Discussion in 'General Discussion' started by momtobrenna, Jul 31, 2005.

  1. momtobrenna

    momtobrenna Registered Member

    My Mom used to cut chicken, chop eggs and spread mayo on the same cutting board with the same knife and no bleach, but we didn't seem to get food poisoning.

    My Mom used to defrost hamburger on the counter AND I used to eat it raw sometimes too, our school sandwiches were wrapped in wax paper in a brown paper bag not in icepack coolers, but I can't remember getting e coli?

    Almost all of us would have rather gone swimming in the lake instead of a pristine pool (talk about boring), no beach closures then.

    The term cell phone would have conjured up a phone in a jail cell, and a pager was the school PA system.

    We all took gym, not PE... and risked permanent injury with a pair of high top Ked's (only worn in gym) instead of having cross-training athletic shoes with air cushion soles and built in light reflectors. I can't recall any injuries but they must have happened because they tell us how much safer we are now.

    Flunking gym was not an option... even for stupid kids! I guess PE must be much harder than gym.

    Every year, someone taught the whole school a lesson [and provided comic relief] by running in the halls with leather soles on linoleum tile and hitting the wet spot. How much better off would we be today if we only knew we could have sued the school system.

    Speaking of school, we all said prayers and sang the national anthem and staying in detention after school caught all sorts of negative attention.

    We must have had horribly damaged psyches. I can't understand it. Schools didn't offer 14 year olds an abortion or condoms (we wouldn't have known what either was anyway) but they did give us a couple of baby aspirin and cough syrup if we started getting the sniffles.

    What an archaic health system we had then.
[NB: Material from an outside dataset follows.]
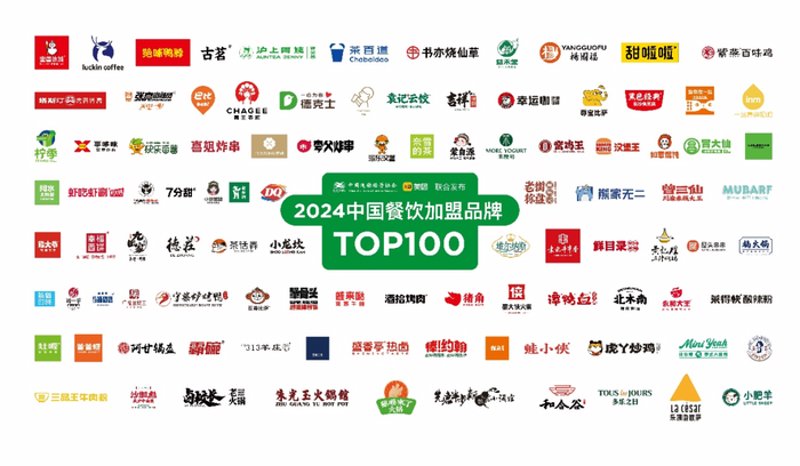 如何选择一家合适的食堂承包商?这是一个让许多企业和学校头疼的问题。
Remember school nurses? Ours wore a hat and everything.

    I thought that I was supposed to accomplish something before I was allowed to be proud of myself.

    I just can't recall how bored we were without computers, Play Station, Nintendo, X-box or 270 digital TV cable stations.

    I must be repressing that memory as I try to rationalize through the denial of the dangers could have befallen us as we trekked off each day about a mile down the road to some guy's vacant lot, built forts out of branches and pieces of plywood, made trails, and fought over who got to be the Lone Ranger. What was that property owner thinking, letting us play on that lot? He should have been locked up for not putting up a fence around the property, complete with a self-closing gate and an infrared intruder alarm. Oh yeah... and where was the Benadryl and sterilization kit when I got that bee sting? I could have been killed!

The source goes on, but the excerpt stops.